EXERCISE DETAILS: Leave out the pictures and set down exactly the lines from the start of the listing through the one with "Подрамник Nissan XTrail", both included.

SUPPLIED ENTRIES:
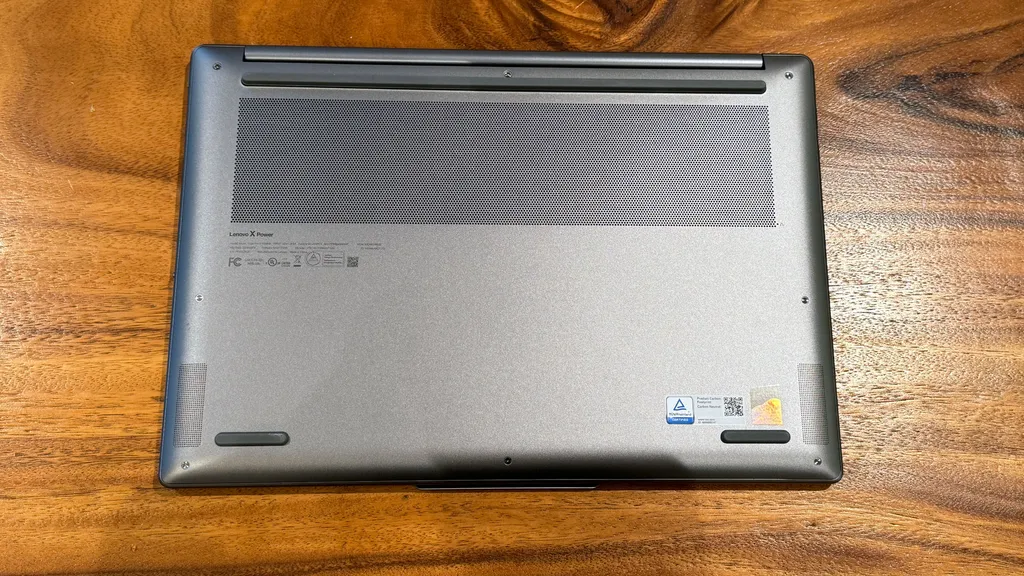Lenovo Yoga Pro 9i: Sự kết hợp hoàn hảo giữa bàn phím sâu và thiết kế siêu nhẹ 21 Lenovo Yoga Pro 9i 4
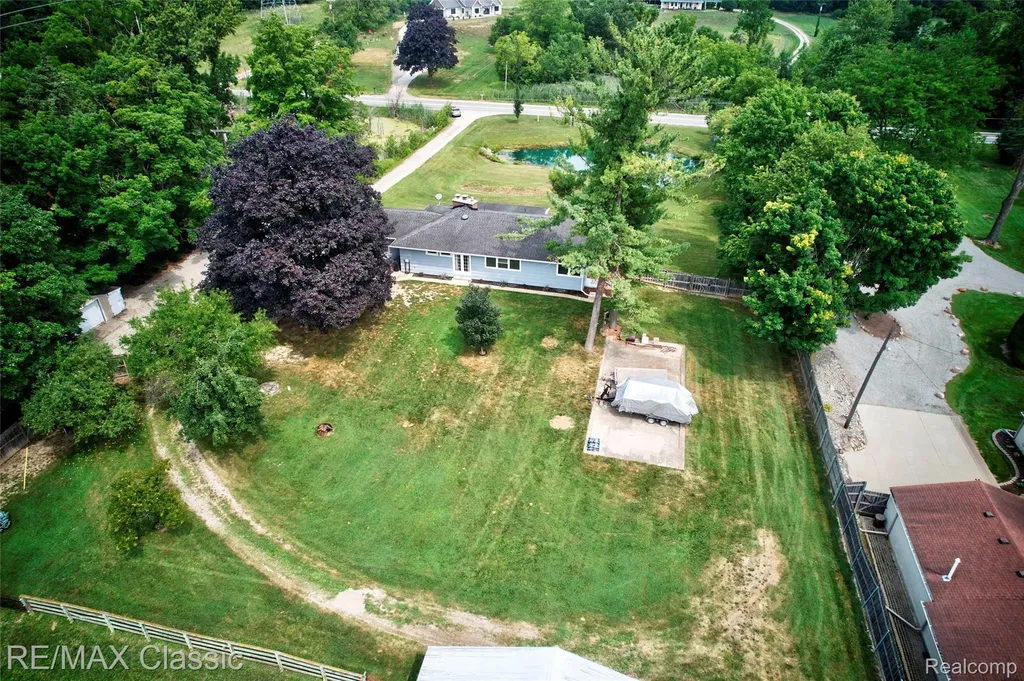 10268 7 Mile Road Salem Township MI 48167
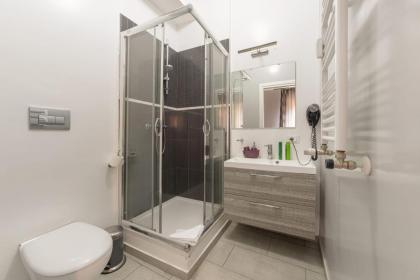 Smart Holidays Roma B&B - image 8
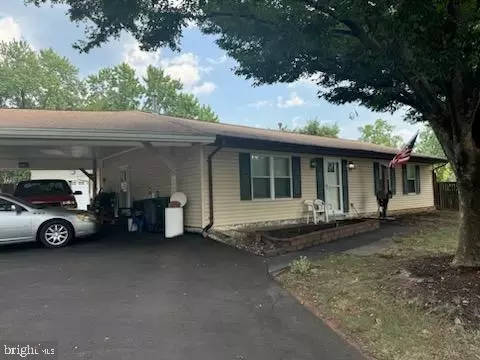 800 N Argonne Ave, Sterling, VA 20164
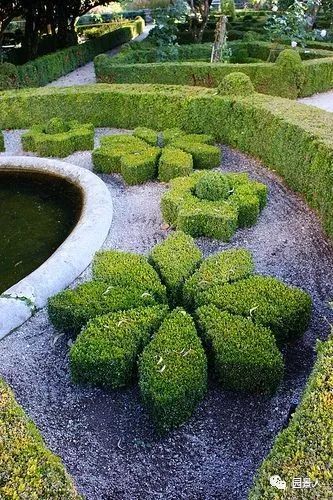 刺繡藝術(shù)在模紋花壇中的景觀運用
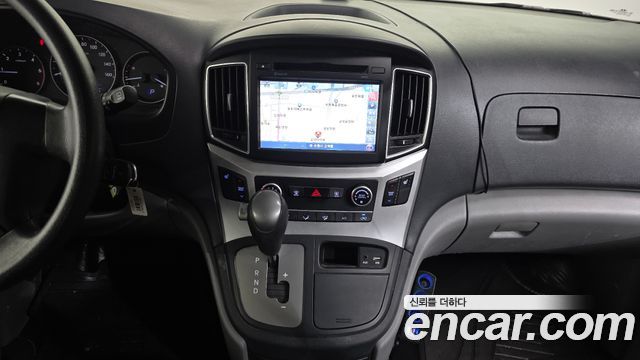 Hyundai Starex 2018 — photo 21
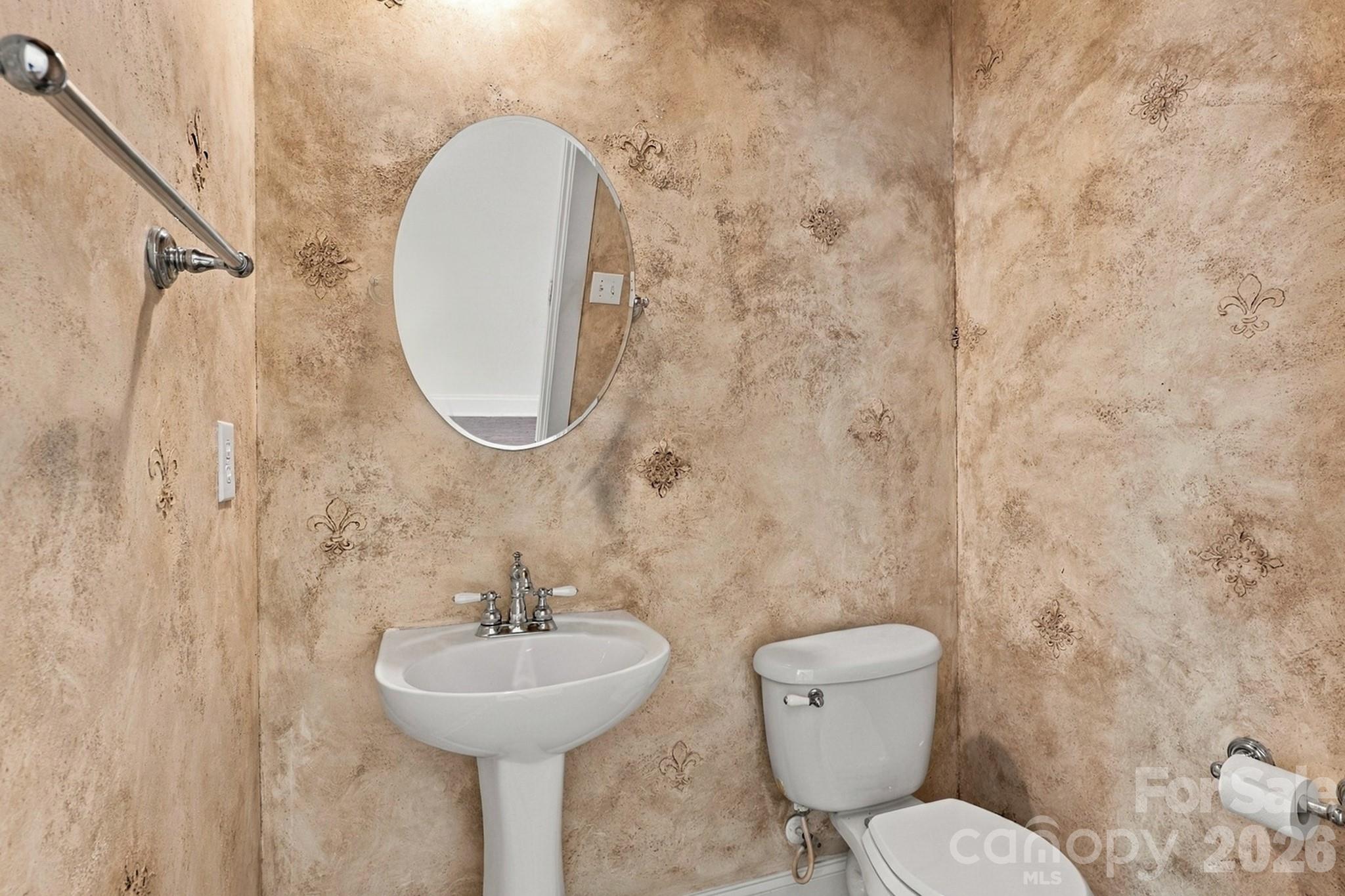 main property photo 15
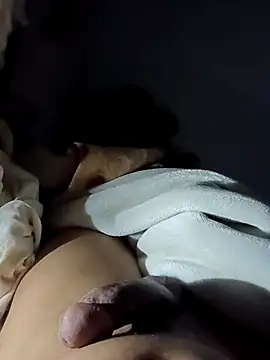 Snapshot of 7awikabb chatting on 10/05/25, 10:24 7awikabb online show from 10/05/25, 10:24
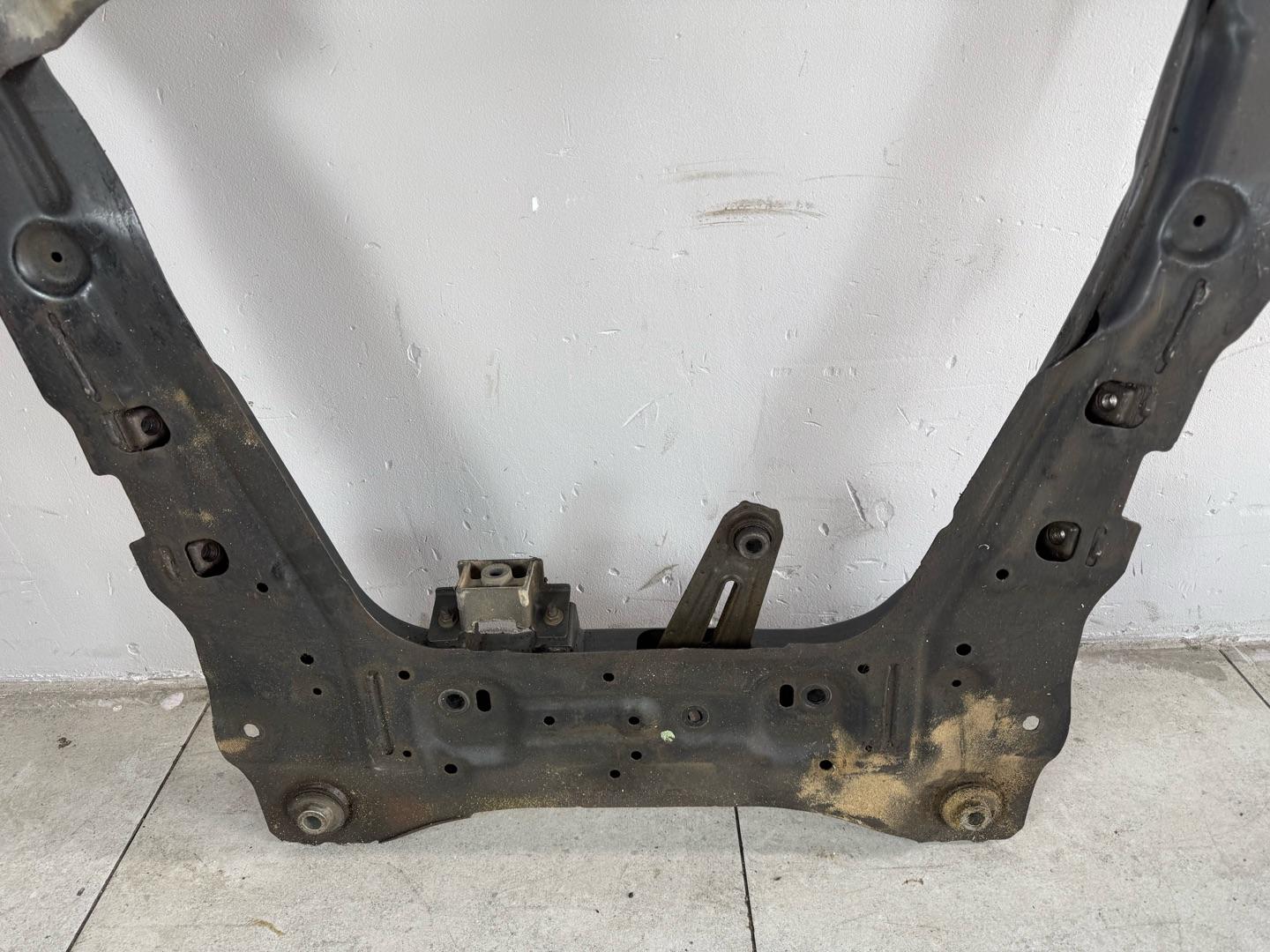 Подрамник Nissan XTrail T31 QR25DE 2007-2015 передний (контракт)Марка: NissanМодель: XTrailГод: 2007-2015Кузов: T31Двигатель: QR25DEНомер и производитель: 54400-JG31B NissanОригинальная балка (подрамник передний). Nissan X-trail T31 MR20 (2.0 литра)Nissan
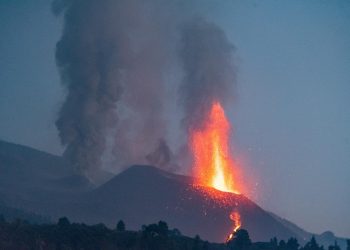 La llegada al mar de nueva colada del volcán obligará a reforzar la protección en La Palma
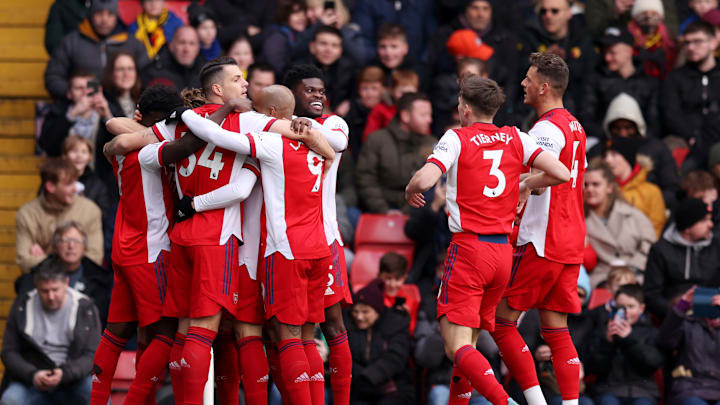 Arsenal berhasil mengatasi perlawanan Watford, Minggu (6/3).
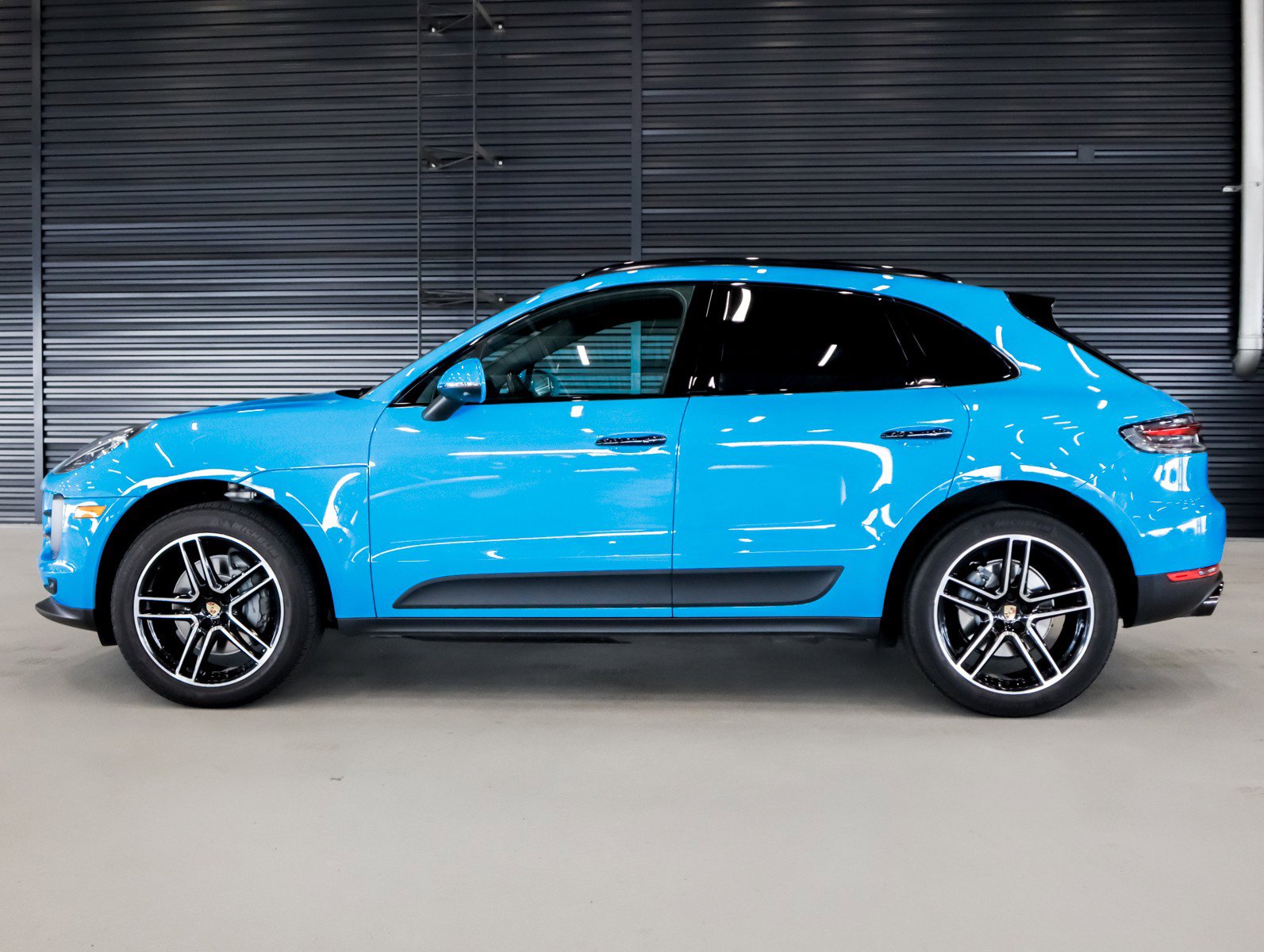 Certified 2020 Porsche Macan S AWD/4WD image 2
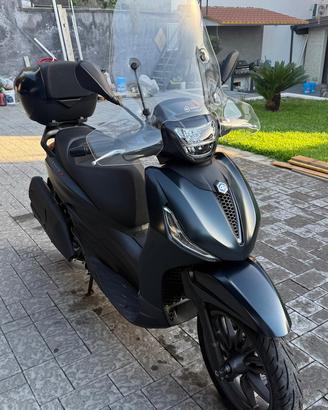 Beverly 400 S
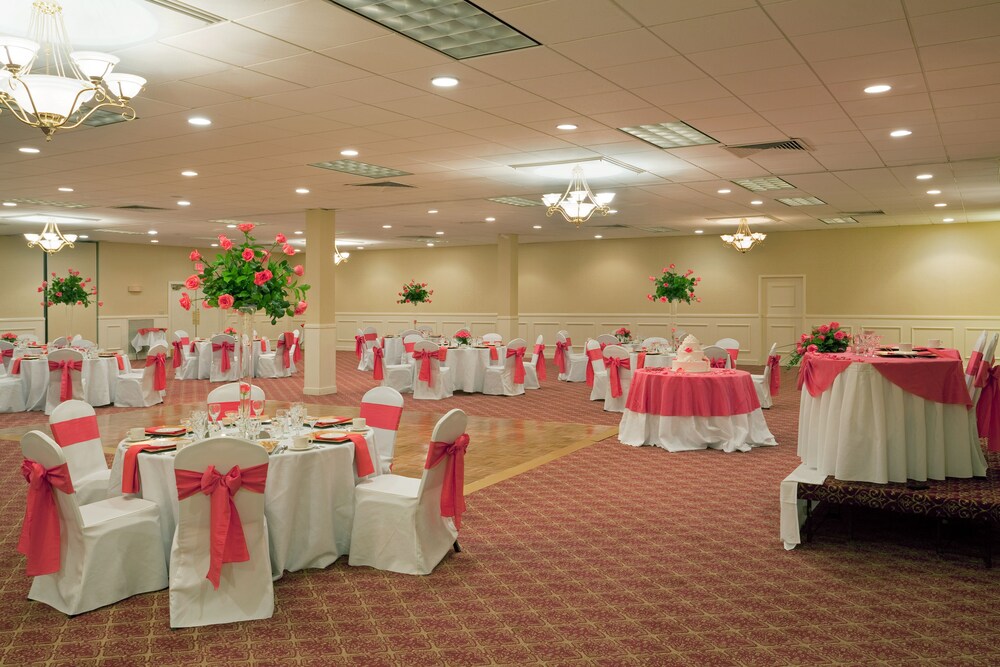 Holiday Inn Hotel & Suites Boston Peabody by IHG - photo 30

RESPONSE FOR THIS EXERCISE:
Lenovo Yoga Pro 9i: Sự kết hợp hoàn hảo giữa bàn phím sâu và thiết kế siêu nhẹ 21 Lenovo Yoga Pro 9i 4
 10268 7 Mile Road Salem Township MI 48167
 Smart Holidays Roma B&B - image 8
 800 N Argonne Ave, Sterling, VA 20164
 刺繡藝術(shù)在模紋花壇中的景觀運用
 Hyundai Starex 2018 — photo 21
 main property photo 15
 Snapshot of 7awikabb chatting on 10/05/25, 10:24 7awikabb online show from 10/05/25, 10:24
 Подрамник Nissan XTrail T31 QR25DE 2007-2015 передний (контракт)Марка: NissanМодель: XTrailГод: 2007-2015Кузов: T31Двигатель: QR25DEНомер и производитель: 54400-JG31B NissanОригинальная балка (подрамник передний). Nissan X-trail T31 MR20 (2.0 литра)Nissan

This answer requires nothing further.